元婚約者キャプテンと出会うまえは、考えもしなかったことだが、キャプテンと別れてから、わたしは無意識に結婚している人のことが気になるようになった。

CMなんかを見ていても、30代以上の男女のモデルケースは、結婚している人々だ。
最近よくやっている、高齢者向けの入院保険でも、ご夫婦一緒にとうたっている。

(世の中はやはり、夫婦で1単位なんだなー…)
とわたしはううむと考え込んだ。
だとすると、既に40代のわたしは、これから世間のアウトサイダーになっていくのだろう。
いや、そんなことは、もともと一生結婚する気のなかったわたしには、わかっていたはずなのだ。
けれど、いったんキャプテンのプロポーズを受けて、(この人と一生連れ添うのだなあ)と思ってしまった脳みそは、なかなかそれを受け付けなくなってしまった。

一つの扉を目指し、それに向かってじりじりとレールの上の電車を引っ張っていたわたしに、
「ほら、ここに、こんな扉があるよ。こっちに来ない?」
と誘ってくれたのが、キャプテンである。
その言葉を受けて、わたしは電車のポイントを切り替え、そっちの扉に向かい、その楽園の中にまさに入ろうとした瞬間、扉はバタンと無残にも閉じられてしまった。
仕方なくわたしは、また電車のポイント位置まで戻って、再びいつもの扉に向かって前進しようとしたが、もう、あの場所に別の扉があるのを知ってしまったのである。

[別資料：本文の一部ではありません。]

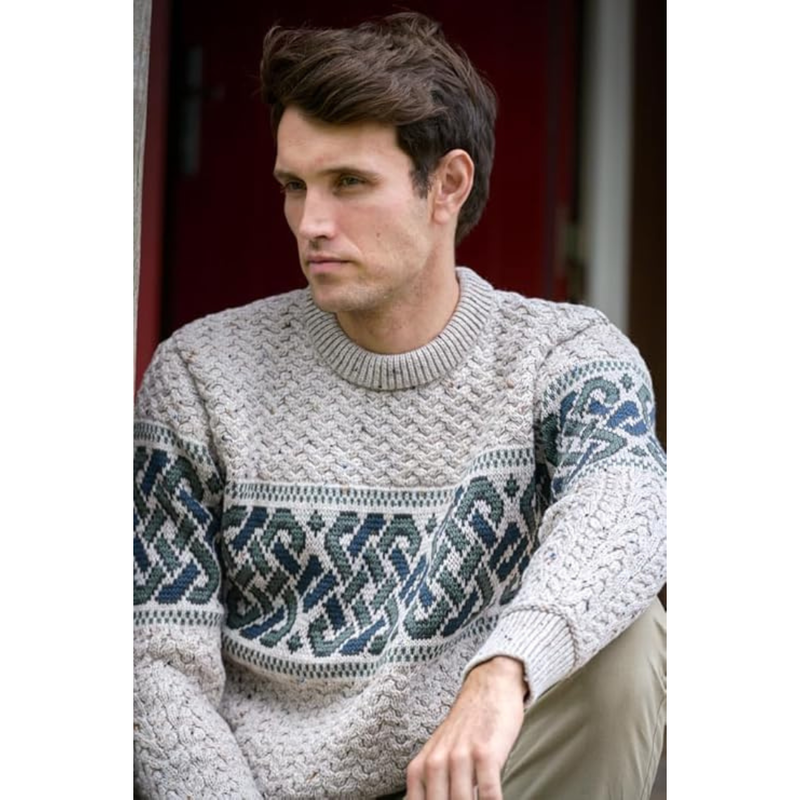 Irish Aran Jacquard Crew Neck Sweater  - Oatmeal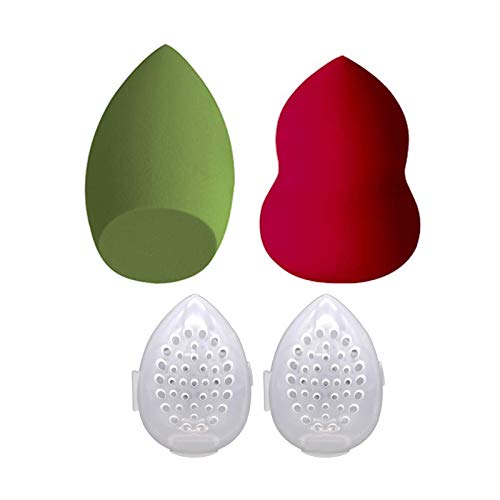 LuLyL2 Pcs Juego de esponjas de maquillaje con forma de calabaza y bisel Cara impecable Base en polvo Crema Esponjas para mezclar Herramientas cosméticas profesionales ， Con carcasa de silicona.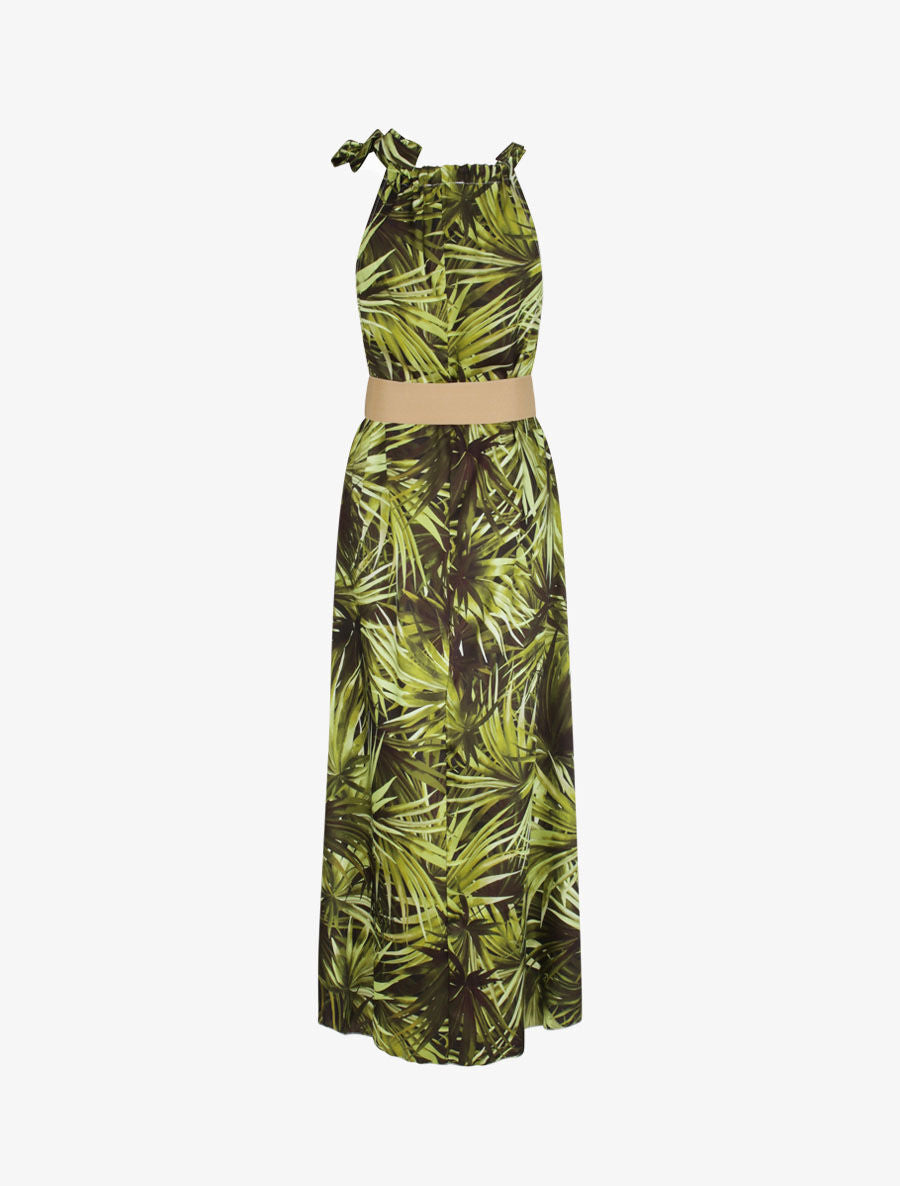 Robe longue à imprimé tropical - Noir - 2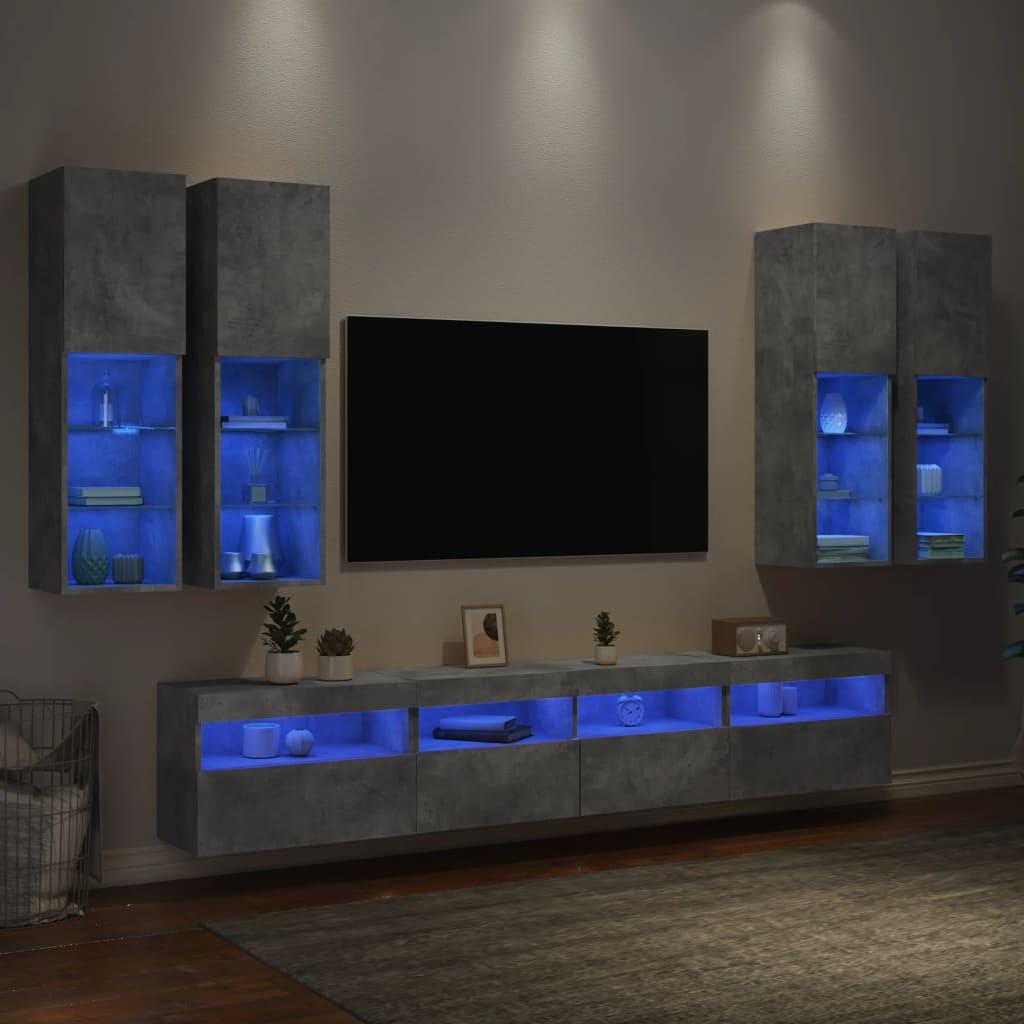 Væghængt tv-møbel 7 dele med LED-lys betongrå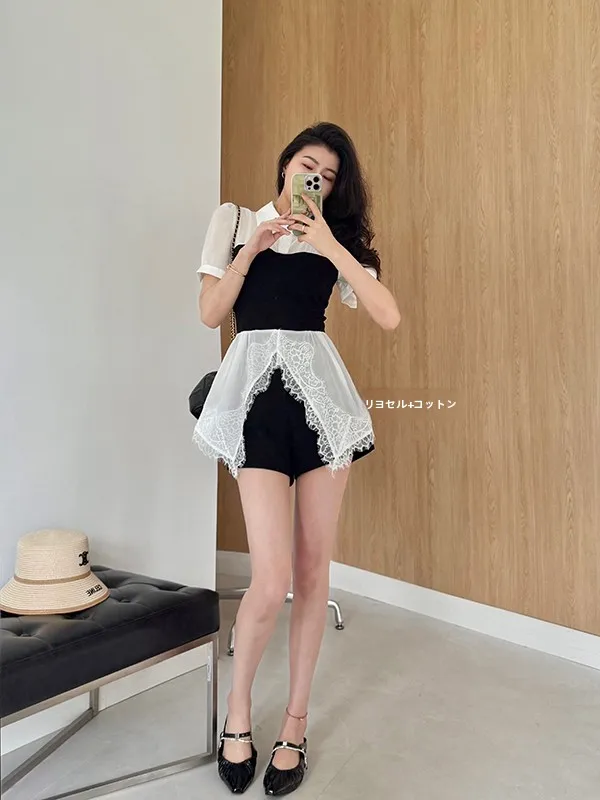 French Style Lace Patchwork Asymmetrical Fake Two-Piece Shirt Short Waist Shorts Women's Summer Fashion Set Short Sleeve Flip...
French Style Lace Patchwork Asymmetrical Fake Two-Piece Shirt Short Waist Shorts Women's Summer Fashion Set Short Sleeve Flip...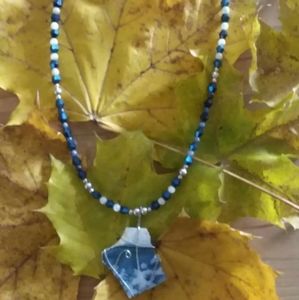 Blue floral necklace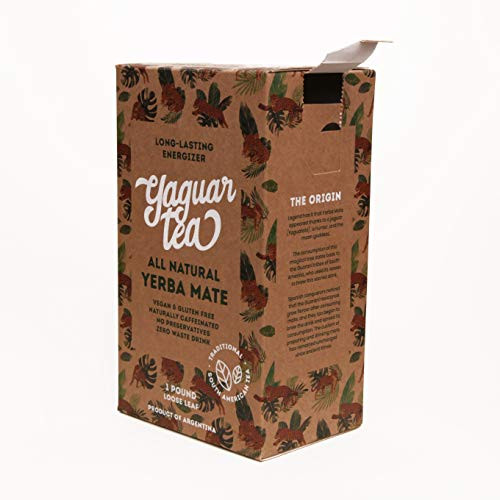 YaguarTea Organic Yerba Mate Loose Leaf Tea  1 Pound  South American Energy Tea Loaded with Antioxidants  Vitamins  and  Minerals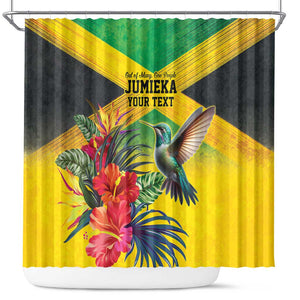 Personalized Black Jamaicans Hummingbird Shower Curtain Tropical Flowers Grunge Flag - African Pride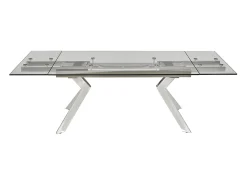 Mesa de jantar extensível em vidro temperado e metal - Transparente - VELIKA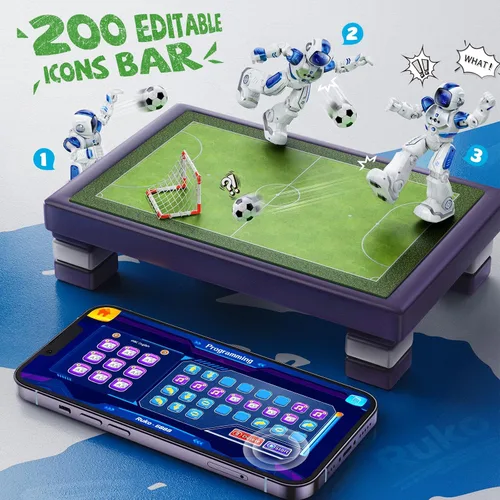 Vista 6 de Ruko 6088 Robot Juguetes para niños, detección remota programable de gestos y control de aplicación, cara LED interactiva, robot inteligente
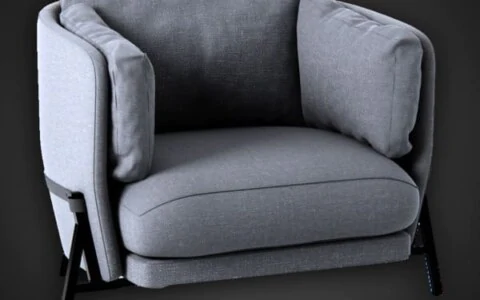 Cardle armchair Arflex 3D model, free download, with render preview and polycount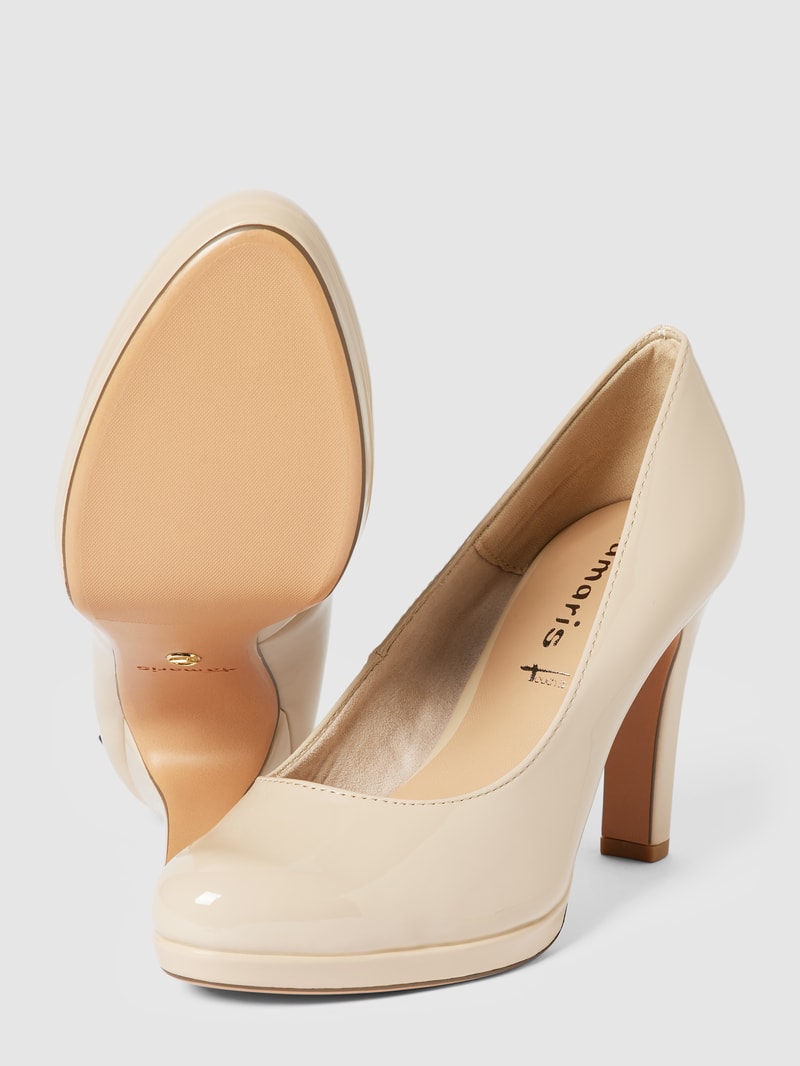 Pumps im Metallic-Look in beige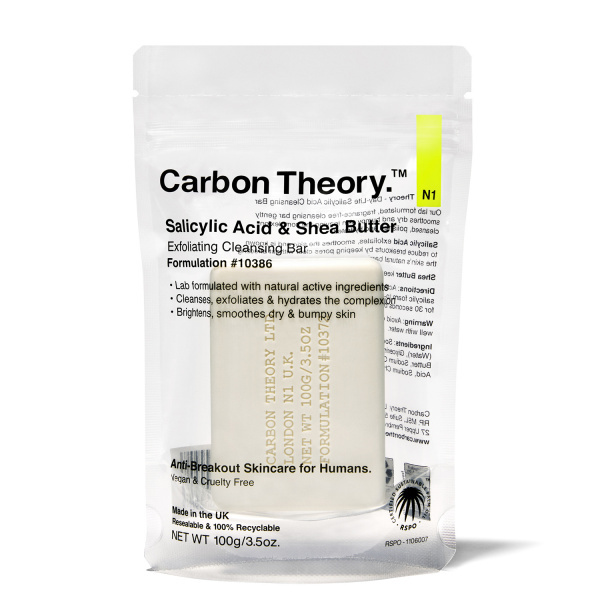 Carbon Theory Salicylic Acid & Shea Butter jemné čisticí mýdlo s peelingovým efektem 100 g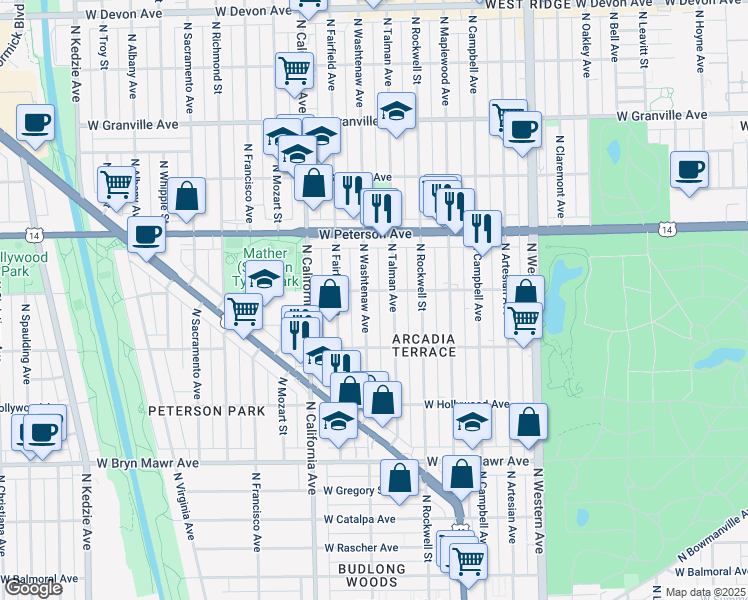 map of restaurants, bars, coffee shops, grocery stores, and more near 5840 North Talman Avenue in Chicago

わたしの高校時代からの親友3人は全員独身だが、彼女らは、まあ世間で言うところの勝ち組である。
しかし、わたしにはなにもない。
そして、永遠に辿り着かないかも知れない扉を目指して、これからまた、重い電車を引っ張っていかなければならないのだ。
扉の向こうが光にあふれているのかどうかもわからないのに。
それで、わたしはしばしば、泣きそうになったり、無気力になったり、自暴自棄になったりするのだ。